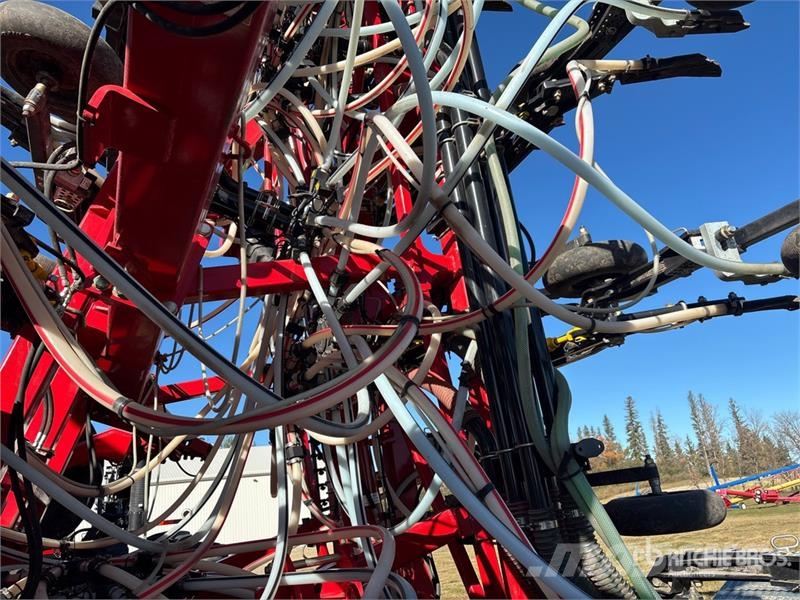 Bourgault 3335-76PHD 76 ft Air Drill 드릴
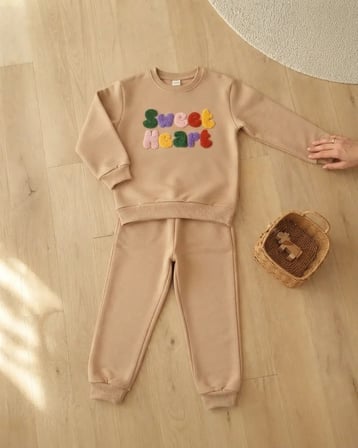 Kız Çocuk Bej Renkli Sweet Heart Eşofman Takımı · 2 Parça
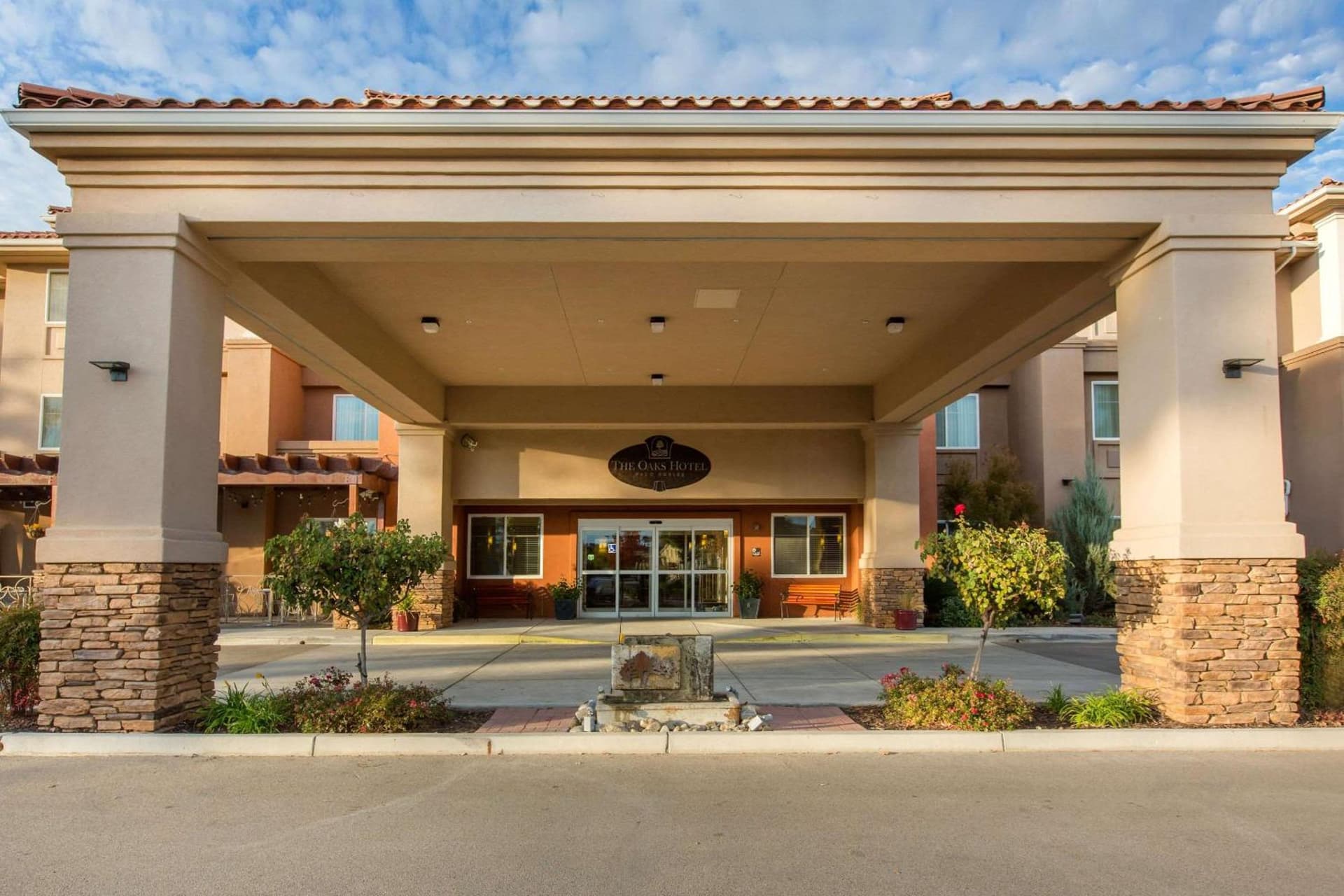 The Oaks Hotel & Suites featured exterior or lobby in Paso Robles — similar hotel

**EXERCISE DESCRIPTION:** Restate word for word, please, the line containing "Kız Çocuk Bej" and all lines after it through the end of the material; the pictures do not belong in the copy.

**TASK OUTPUT:**
 Kız Çocuk Bej Renkli Sweet Heart Eşofman Takımı · 2 Parça
 The Oaks Hotel & Suites featured exterior or lobby in Paso Robles — similar hotel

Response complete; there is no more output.